Helplessness – It’s normal to feel a bit lost when it comes to many of the tasks you’ll need to complete upon arrival, from finding an apartment to setting up a bank account. These processes will likely work differently than you’re used to, and you’ll be trying to communicate with people who speak a different language.

Mistrust – After I had been in China awhile, it became easy to spot a newbie expat because they often seemed kind of paranoid. They’d think that all taxi drivers were trying to scam them, or that all local food would make them sick, or that they needed to be safely home every day before sunset. An unfamiliar environment can stir up a lot of fear, whether it’s rational or not.

Annoyance – Irritability is another tell-tale symptom of culture shock. Maybe you’ll find the locals to be too loud, too polite, too slow, or too pushy. You might want to change the way things are done to make everything easier, clearer, or nicer.

Loneliness – Finally, it’s normal to feel lonely at first. At home you had relationships you spent years building. Now all your friends are brand new. It takes time to build intimacy and genuine closeness.

Now What?

So you’ve determined that you are experiencing culture shock – what can you do about it?
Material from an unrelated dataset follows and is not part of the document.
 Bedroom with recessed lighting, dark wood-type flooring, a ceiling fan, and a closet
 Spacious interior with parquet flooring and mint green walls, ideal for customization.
Don’t pack up your bags quite yet. This phase is only temporary, and if you understand why you’re feeling the way you do it’s much easier to overcome. Try these tips to help yourself deal better:

– Talk about it with another expat.
– But then take your mind off it by doing something you enjoy.
– Take note of positive things you observe. Write them down.
– Ask a lot of questions and make very few judgments about your new culture.
– Guard your thoughts – don’t allow yourself to compare this culture with your home culture.
– Befriend locals, not just other expats.
– Stay in touch with loved ones back home.

Have you ever experienced culture shock while living abroad? How did you handle it?